I’d make an effort to find out more info or see if she’s scared or what the hang up is. If she won’t open up- that’s a big red flag……
alright, so i understand both sides, mostly. totally on your side. you can’t expect sex out of a girlfriend at what i’m assuming as your young. but she cannot expect you not to jerk off. you got a high sex drive. nothing wrong with that. jerking off has nothing to do with her. so yeah jerk off. two options, tell her, or don’t. say it’s unfair to ask that of you, or just say that you’ve stopped.
I went through a similar situation except they are going through perimenopause. One week we’re having sex and all seems great, then a couple weeks later she’s not feeling it anymore. Sex drive dropped to zero. Hasn’t come back. That’s was almost 6 months ago. She’s like find someone else if you need to have sex, like it’s that easy. Plus I loved playing with her. A lot! I miss it dearly.
Seriously, if after talking she genuinely isn’t interested in sex and you have a high sex drive. You’re going to struggle to be happy long term. Sex isn’t everything, but you are sexually incompatible it seems. Withholding sex and telling you not to masturbate is not fair.
That’s rough mate, is she going to go on hormone replacement therapy? My wife is in a late 40s and it’s probably gonna hit this soon, I’m kind of dreading it.
Have you ever discussed previous experiences with sex? I wonder if there’s a past experience affecting your relationship now?
She’s not into doing that. For her, it is what it is and a natural part of the aging process. We’re not an exclusive connection but it’s not like I have others I can just call up. We’re both in our early/mid 50s.
Her low libido is one thing (which you handled well and were understanding), but she should not expect you to refrain from release yourself at all? Hello? It’s like a pretty basic need…
It’s not that important to her and it’s your problem ? lol oh okay…
She’s telling you now your needs dont matter because they’re not her needs. And you say your girlfriend doesnt have to have sex with you - that’s right. But if she doesnt want to then why is she your girlfriend?
Are you actually getting what you need in this relationship? You’re there by choice remember.
If you love her but cant have sex or even wank yourself, give her an ultimatum and say you’re either going to sleep with others, she will sleep with you, or you will move on. She doesnt have a right to put you in sex jail.

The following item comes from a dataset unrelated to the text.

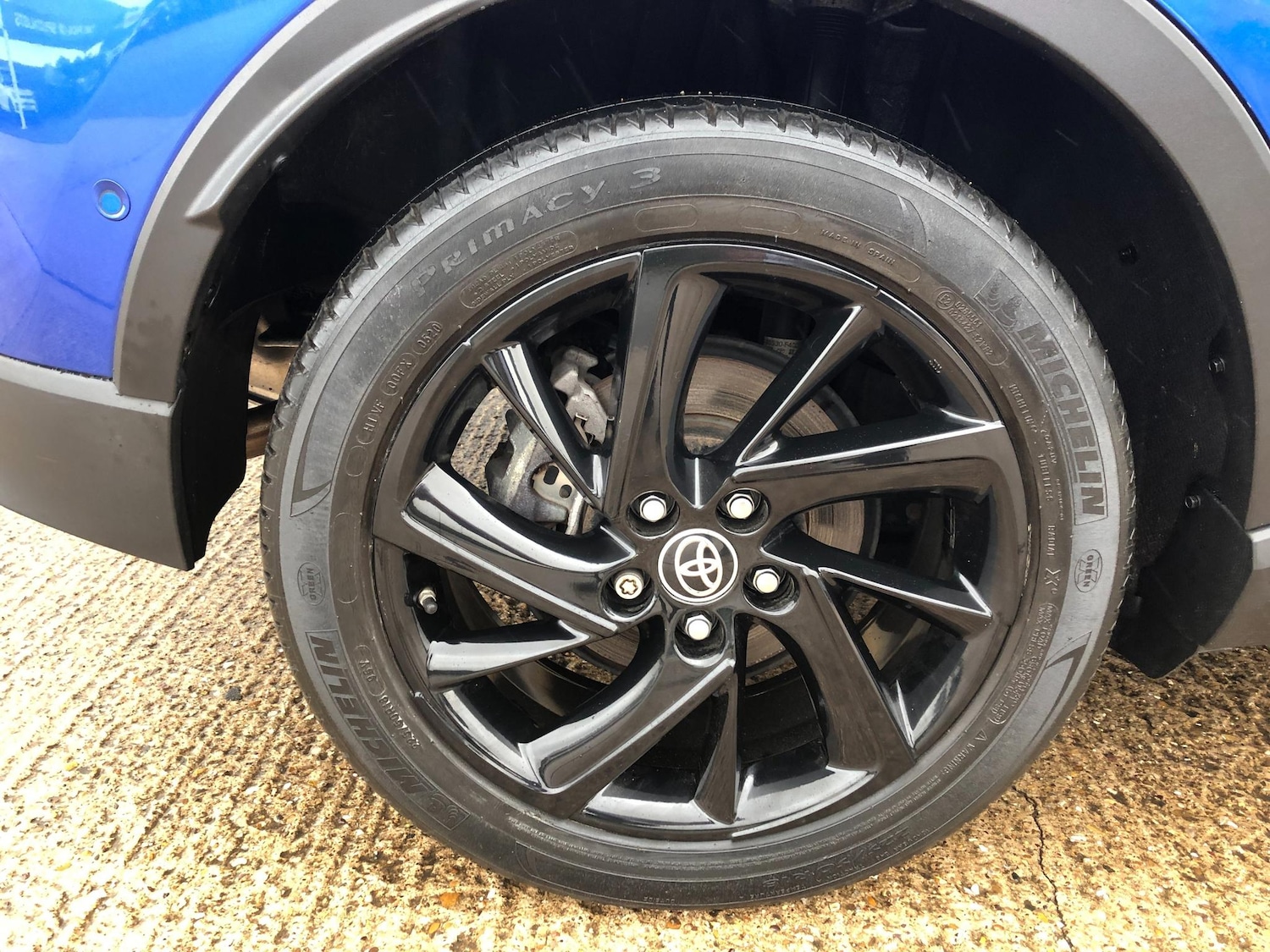 Used Toyota C-HR 2021 for sale - 76214236: Photo 22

Some people have this weird immature opinion of relationships that you shouldn’t need sex to love. Like if it’s their low libido, then fine, but it’s really weird when they get mad when you can’t handle abstinence and leave and/or expect you to not masturbate either.
There’s a place within a relationship for masturbation. As far as I’m concerned, she has no right to police you from doing what you have to. It’s not like you’re cheating. Wtf
May I ask how old are you two? How long have you been together? Had you both had much experience? She sounds young and naive to be weirded out that you masturbate, to be honest.
It just sounds like basic incompatibility in sex. Maybe the rest of the relationship is great, I don’t know. Personally, I’d be asking if this is the situation I wish to have in my relationship.
What sorts of intimacy are you otherwise sharing together? You’re making out? Cuddling? Are you satisfied?
Are you exclusive in your relationship?